L’assessore alle Pari opportunità, Jacopo Rosatelli: «L’obiettivo è promuovere la cultura del rispetto»

Torino vuole un suo Ddl Zan comunale. È questo uno degli obiettivi del mandato quinquennale della giunta guidata dal dem Stefano Lo Russo e illustrata oggi, 16 dicembre, dall’assessore alle Pari Opportunità del comune di Torino, Jacopo Rosatelli. L’idea, come spiegato da Rosatelli, è quella di formulare «una delibera quadro che mira a contrastare tutte le forme di discriminazione, da quelle più classiche contro le donne e le persone Lgbtqi+, a quelle contro i disabili, e che impegni l’amministrazione, trasversalmente e strategicamente, in tutto quello che fa, ad avere attenzione alle discriminazioni». Il lavoro si inserisce in una dimensione «sia di contrasto alle discriminazioni, ma anche di promozione della cultura del rispetto, come era il Ddl Zan». E, come spiegato da Rosatelli, questo progetto «coinvolgerà sia tutte le divisioni interne al comune di Torino, ma anche i rapporti del Comune con l’esterno», proprio con l’obiettivo di promuovere «la cultura del rispetto».

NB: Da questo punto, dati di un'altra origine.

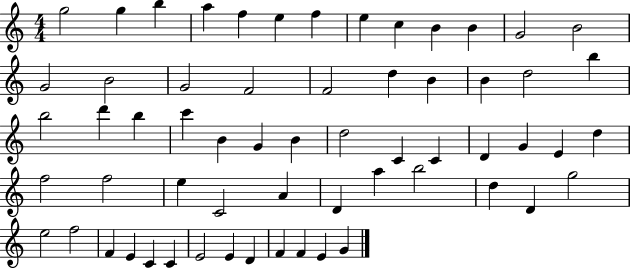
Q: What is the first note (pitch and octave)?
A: G5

Secondo quanto riferito dall’assessore torinese, l’elaborazione della proposta potrebbe richiedere circa due o tre mesi, per poi essere discussa in Commissione e successivamente arrivare nella Sala rossa del consiglio comunale torinese. Dopo l’annuncio da parte della giunta di Lo Russo, la consigliera comunale di Fratelli d’Italia, Paola Ambrogio, ha osservato: «Il tema delle Pari Opportunità va affrontato a tutto tondo, non solo relativamente alle questioni di genere: penso ad esempio alla disparità tra uomo e donna nell’accudimento dei figli. Si deve discutere della presenza di asili nido all’interno delle aziende, così come sostenuta l’attività dei consultori».